Munis de cette lettre, nous prîmes rendez-vous pour monter notre dossier de demande auprès de la R.I.V.P. Avec un enfant, nous aurions dû obtenir, normalement, un appartement de deux pièces, cuisine, salle de bains et W-C, mais les attributions passaient par une hiérarchie du nombre progressif des pièces. Nous quittions deux chambres, l'organisme ne nous laissa envisager que la perspective d'un studio, nous promettant un logement de trois pièces, par la suite. Nous en acceptâmes l'augure et attendîmes avec impatience l'obtention du studio dans le courant du premier trimestre 1960.

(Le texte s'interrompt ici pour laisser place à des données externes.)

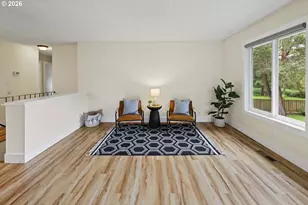 4650 Cedar St, Astoria, OR 97103 - Photo 15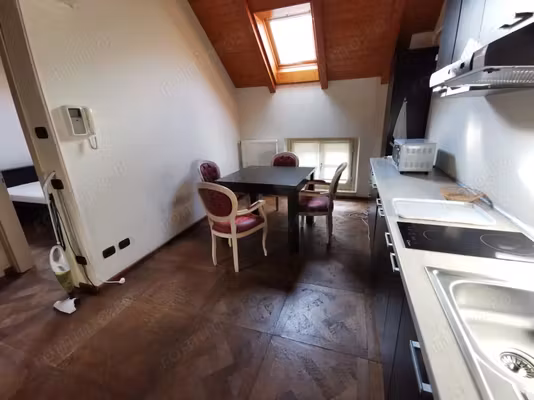 Apartament Timisoara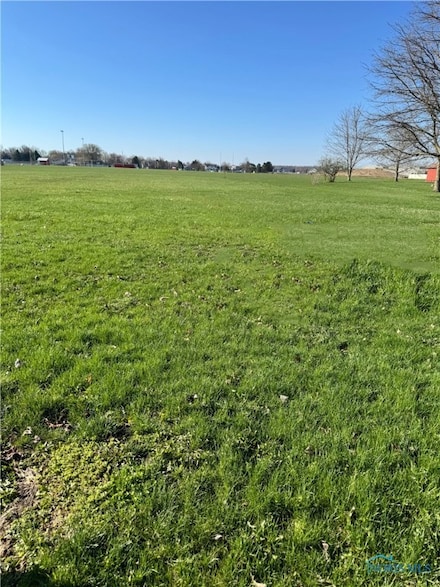 0 W Main Cross St Unit LOT 3 6119602, Arlington, OH 45814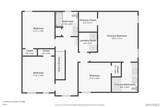 11 Hickory Lane - Photo 46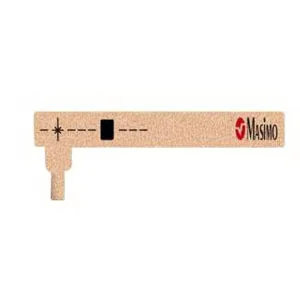 Masimo Replacement Adhesive Tape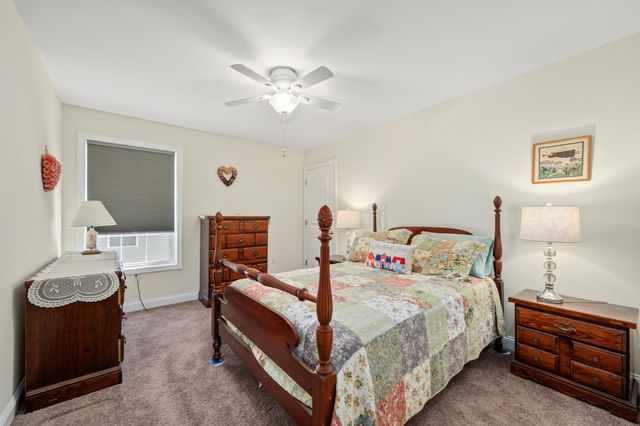 113 Memory Lane, Laconia, NH 03246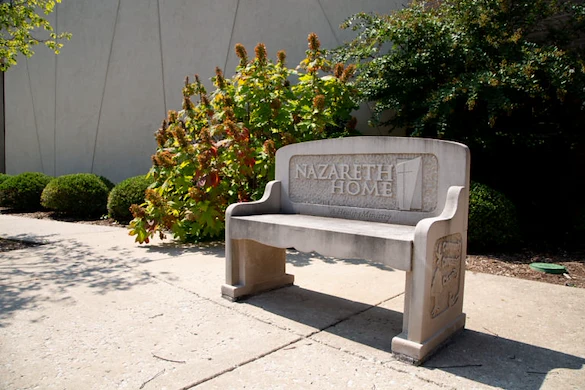 Image of Nazareth Home (4)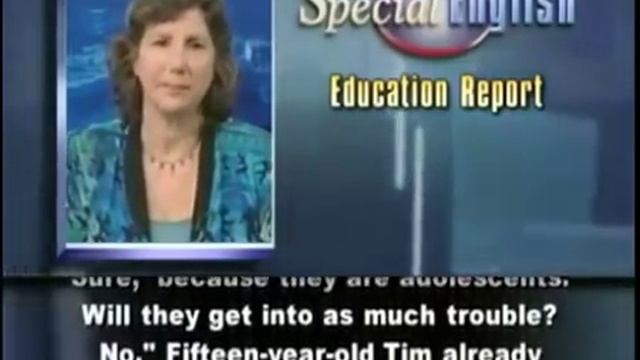 VOA learning English 2015 Part 15-Agriculture Report-Luyện Nghe Tiếng Anh Qua Tin Tức VOA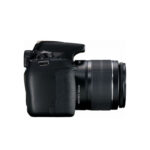 Canon EOS 2000D with EF-S 18-55mm f3.5-5.6 III Lens - Image 4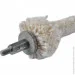   Dewey  AR-15, .223/5.56mm, 8/32, Cotton (MP-16)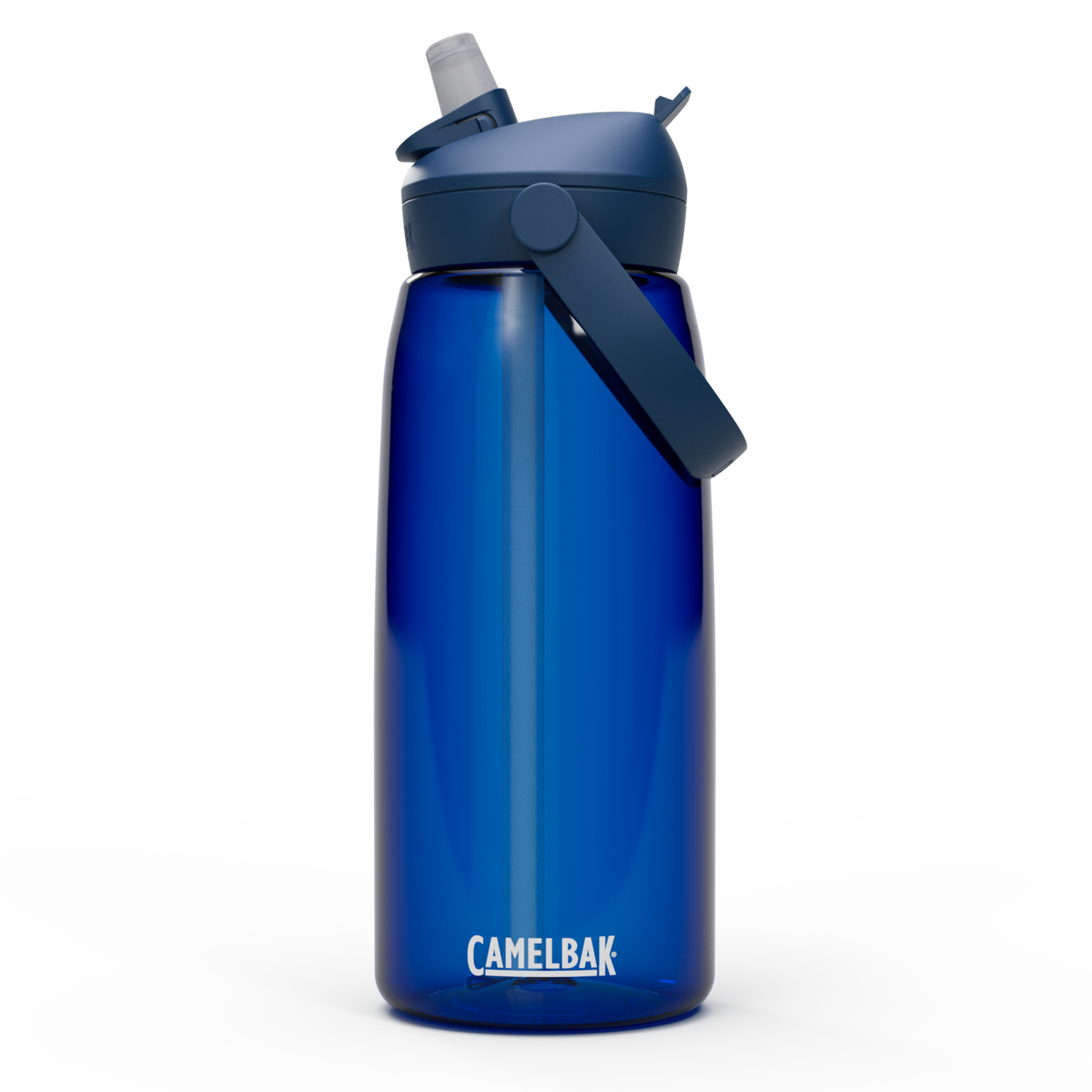 thrivetm-flip-straw-32oz-bottle-with-tritantm-renew-m4 ccgc0yacgn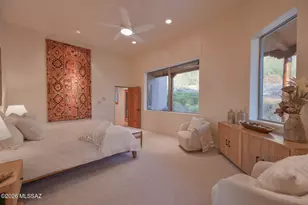 9832 N La Reserve Pl, Tucson, AZ 85737 - Photo 18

Nous comprîmes rapidement l'astuce de l'organisme bailleur, car tout était à refaire dans ce studio, l'électricité et la peinture étaient lamentables. Si nous voulions, enfin, pouvoir nous laver intégralement et journellement, il était nécessaire d'installer une douche dans la cuisine et un ballon électrique pour l'eau chaude dans les W-C. Ce que nous fîmes, à nos frais.
Extrait – Page 232
Depuis le décès de mon beau-père, j'étais un peu rentrée en grâce auprès de ma belle-mère qui avait apprécié mon aide dans ces moments difficiles et aussi parce que c'était Grégoire qui l'emmenait en voiture, ainsi que Marie-Laure et Michou, avec nous-mêmes, à Gazeran pour les fins de semaine dès les beaux jours. Car Jeannot en âge de conduire, était sous les drapeaux en Algérie lui aussi, deuxième frère à être exposé aux dangers qui perdurèrent...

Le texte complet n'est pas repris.